14bits the HDMI probably can't handle, so the depth resolution would have to be less, down to at least 10bits I think and quite possibly 8bits, but the spatial resolution could retain the full DNG stream sharpness.
(that said the 1.2.1 actually does appear to be a bit sharper than the old firmware, either over HDMI or compressed internally, at least, which is good)
I don't understand. 4:2:2 and 8bit are forms of image compression, and I don't think these HDMI ports can't produce higher color depth or sub-sampling than that. When Canon says "uncompressed" they mean no frame or resolution compressions, but there is still chroma compression. Your HDMI signal from a computer is most likely compressed, since HDTVs use rec.709 which is 8bit and there is no point in an 8bit DNG.
1. DNG and CR2 are the same, both use the same lossless RAW algorithm and both are not de-bayered. The De-bayering is preformed in your computer (usually automatically) with a viewer or editor that supports De-bayering.
But the Bayer sensor is 22MP and these are 2MP so unless they are just reading a non-bayered mini-block, which they aren't something sort of de-bayer must be done already. Look at sRAW and mRAW they are are not in the original complete Bayer state and they are stored in a RAW file too.
When I say CR2 I mean RAW which is not de-bayered in camera. sRAW and mRAW are not really raw, they have been de-bayered and sub-sampled at 4:4:4 in camera then to a smaller resolution by averaging the formed 'pixels' and then losslessly compressed with CR2 but information has already been lost compared a pure CR2 raw file. You may be right that the same process might have already been used for these 1931 x 1088 14bit RAW images Magic Lantern found, but it is unlikely. The images require a program that applies de-bayering to view them and most people agree that video resolutions are achieved by line skipping (Canon has even admitted to it) or in this case combining 'sensel' data in 3x3 blocks before any processing (de-bayering) is done. Also Panasonic has admitted that they "bind their pixels in 2x2 block before any processing is done" then (like the sRAW files) they process them into YCrCb and down to the appropriate resolution before sending it to the h.264 encoder.
You might have to clip off the left and right side junk and send an offset address so it starts reading it below the top junk. You wouldn't even have to do that if the HDMI accepts an offset to get to each new lines address. I have no idea how it is setup, it might have something like that so no clipping is needed at all. COnsidering how many modes it can put out that might very well be the case.
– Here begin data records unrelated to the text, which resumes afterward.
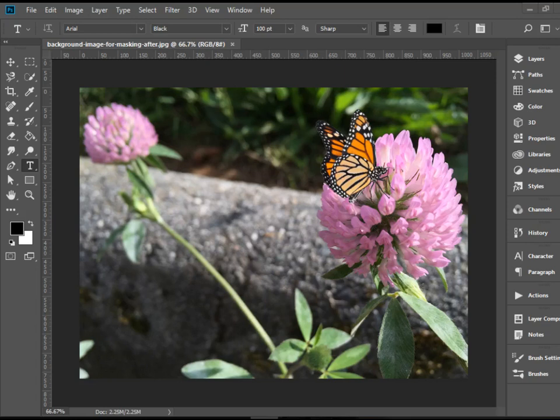Hello everyone, in this video I'm going to show you how to work with the type tools in Adobe Photoshop CC.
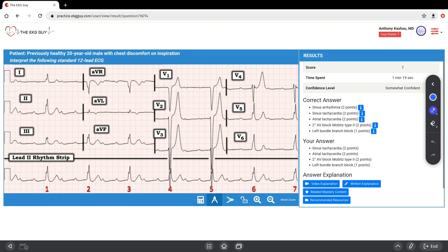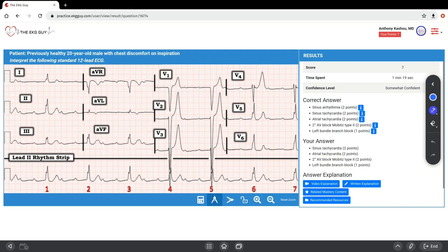In the sinus-conducted beats, the PR interval is constant but prolonged, meaning above 200 milliseconds. In this case, it's about 440 milliseconds. There's also non-conducted sinus activity, meaning dropped beats. This is consistent with second-degree AV block Mobitz type 2, presumably with 3 to 1 AV conduction.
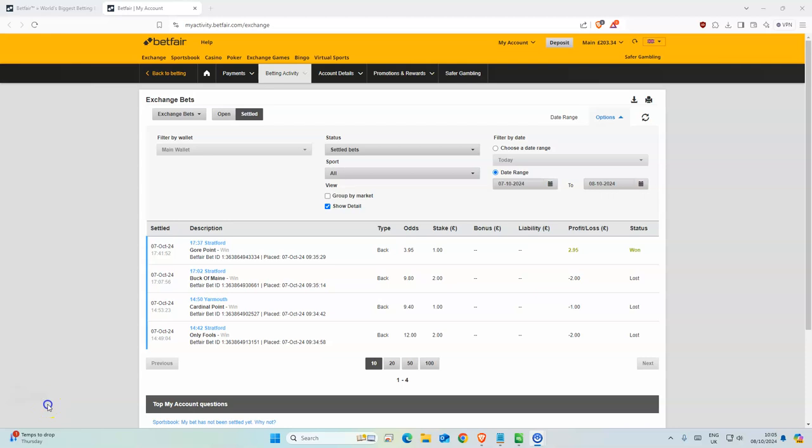Good morning, welcome back to Floyd's Force Racing channel where I use machine learning models to predict the outcome of horse racing. We had five selections yesterday, one was a non-runner, Gory Gore Point One, as you can see now.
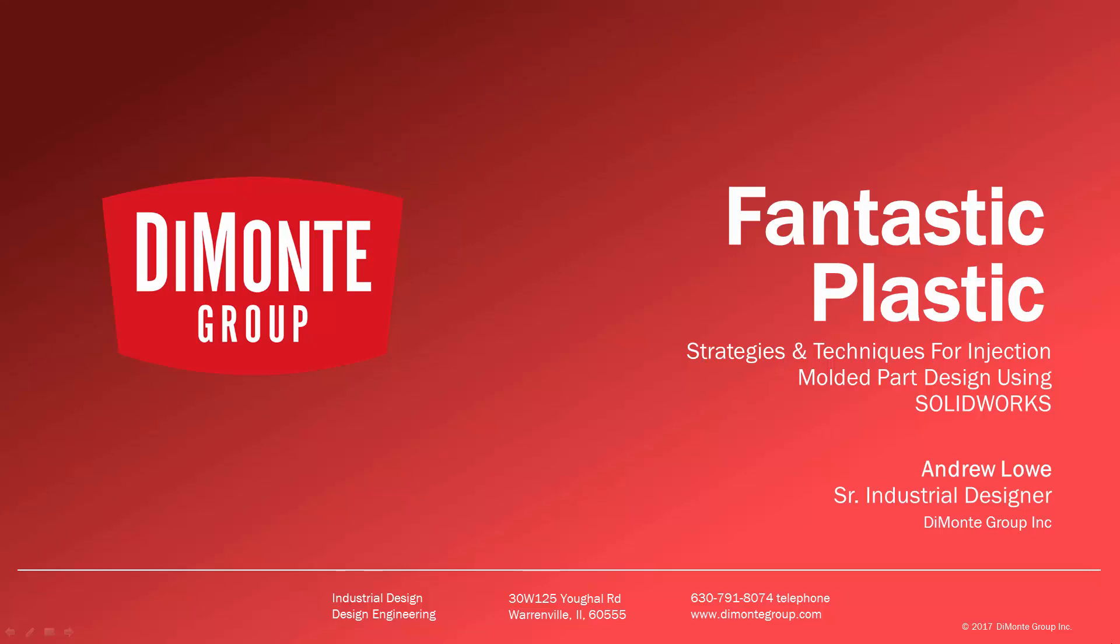Welcome to Fantastic Plastic, a series of SOLIDWORKS video tutorials presented by the Domani Group. In Fantastic Plastic, I'll be presenting strategies and techniques for injection mold and plastic part design using SOLIDWORKS CAD software.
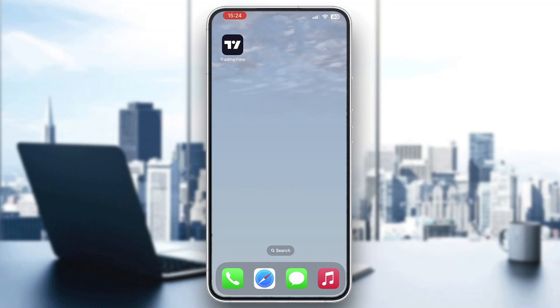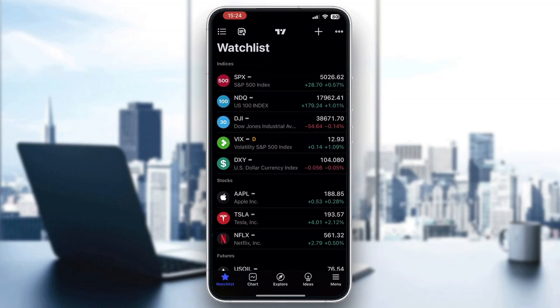The first thing you want to do is open up the official TradingView application on your mobile phone if you haven't already. After opening up TradingView, you'll be greeted by this main page where you can see all the options you have, such as your charts and the explore page.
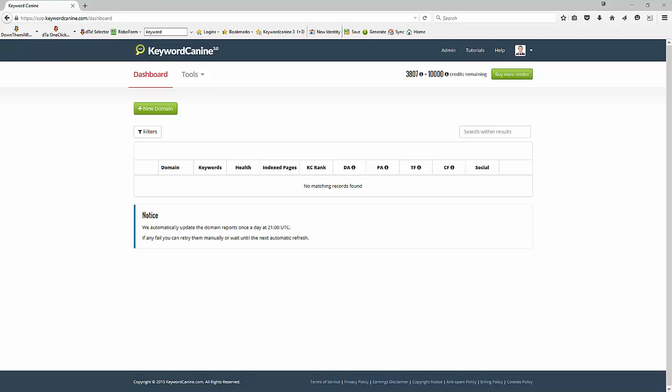We're in the heart of KeywordK9, this is the dashboard. I'm going to add a new domain, and when we add the domain we can set the keywords associated with the domain, and then we can track all the important information that we need to determine the likely rankings in Google, how we're doing, the health of the site, and so on.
hmm, my point is that HDMI (especially the one's in these Canon DSLRs) don't support resolutions over 1920 x 1080 so the 2K image needs to be down-resed or cropped and positioned (like the Canon official firmware already does)
cutting chroma resolution doesn't hit perceived resolution nearly that hard, the luminance resolution is still full
but yeah obviously going over HDMI unless it was HDMI with 10bit support it would lose a bunch of DR
Ah you're right, a lot of the sharpness will be held in the luminance (duh) but not even the C100 and C300 support 10bit HDMI so I doubt they included a 10bit HDMI port here.